I reckon I got to light out for the Territory

Maggie's Farm recommended this article asserting that all American fiction is a re-working of "The Pilgrim's Progress."
Whether and in what way Trump is a Christian, though, is far less important than the fact that he is instantly recognizable as the protagonist in a Christian drama: the lone avenger who stands up to the depraved powers of the world and calls them out for combat.
He draws a contrast with Ted Cruz, who was a preacher rather than a pilgrim.  The article closes with some of the usual damning-by-faint-praise, which I recognize in my own attitude toward the guy:
Donald Trump could be a character in a Frank Capra film or a Sinclair Lewis novel. He is our generation’s incarnation of Bunyan’s pilgrim. I do not mean that as praise (I never liked Bunyan, as it happens). That simply is the kind of people we Americans are, or rather the sort of people we have become at two and a half centuries’ distance from our Revolution. We never have succeeded in training an elite. Whenever an American elite finds itself in power it chokes on its own arrogance. I cheered Mr. Trump to victory in the last election out of disgust for the do-gooders and world-fixers of both the Republican and Democratic mainstreams. Now I wish him good luck. He’ll need all the luck he can get.


Anonymous said...

He could have started with William Tell, instead.

I notice that Tell, the article's cited heroes, and DJT are not outsiders. They are not outlaws. They are citizens imbedded in their own society that insist on living up to the basic principles we cherish, regardless of what some fake big shot says the law is.

We DO have a culture, we DO have customs, with monuments to our great national crises, all of which our self-styled betters have been trying to eliminate. The attempted erasure of the best of our culture was a theme in the last election, whether the author realizes it, or not.

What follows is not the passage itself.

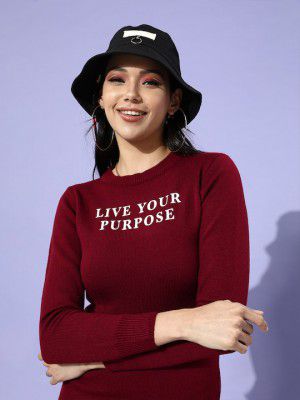 Roadster Women Charming Maroon Typography Sweater Dress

DJT refused to salute a cap wiggling on a pole, and got elected US President for doing so.


Gringo said...

Which suggests to me that it is time that I finally read Pilgrim's Progress, which is one of the many as yet unread books on my actual and electronic bookshelves. BTW, Project Gutenberg has a children's version of Pilgrim's Progress.

Ymar Sakar said...

Propaganda and legends have ever thus been capable of leading humanity down a cliff or into eternal war and damnation.

Surprisingly, a lot of those legends somehow ended up being based on factual events.